_Task brief_: Each line of the material should be set down exactly. Pictures are not part of the copy.

_Raw data_:
###

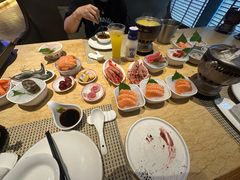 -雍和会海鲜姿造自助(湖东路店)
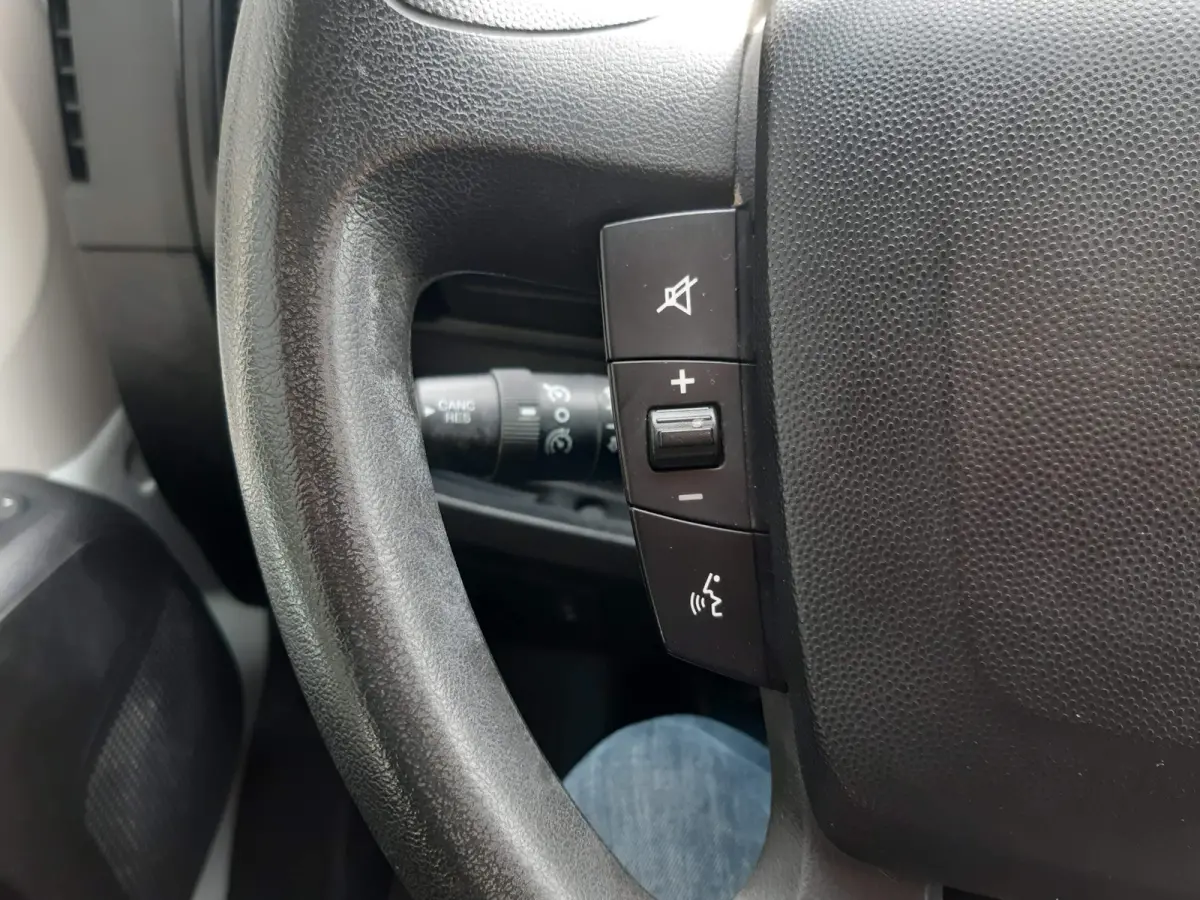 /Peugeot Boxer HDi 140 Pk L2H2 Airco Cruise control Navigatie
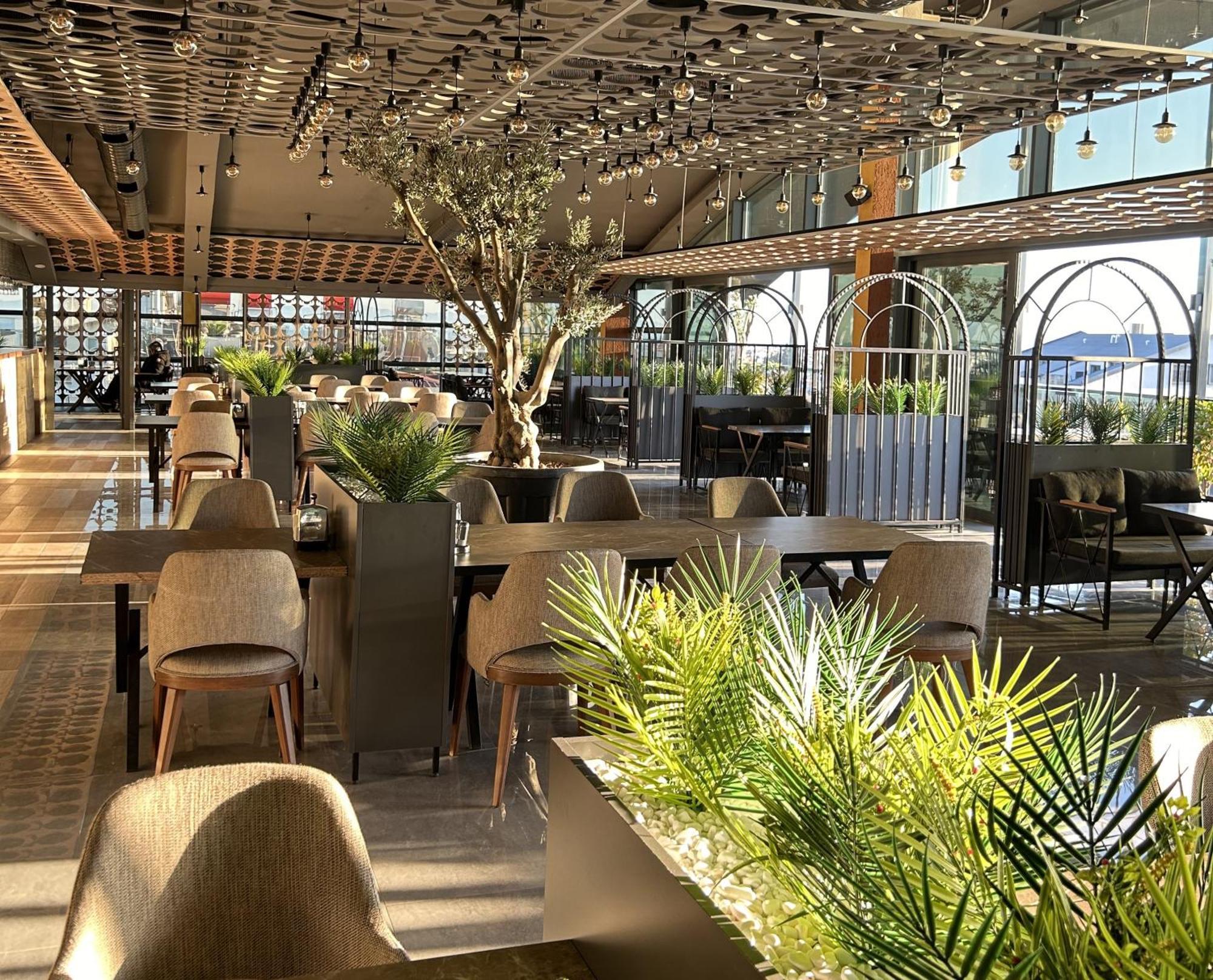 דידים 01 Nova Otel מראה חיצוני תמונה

###

_Output for this exercise_:
 -雍和会海鲜姿造自助(湖东路店)
 /Peugeot Boxer HDi 140 Pk L2H2 Airco Cruise control Navigatie
 דידים 01 Nova Otel מראה חיצוני תמונה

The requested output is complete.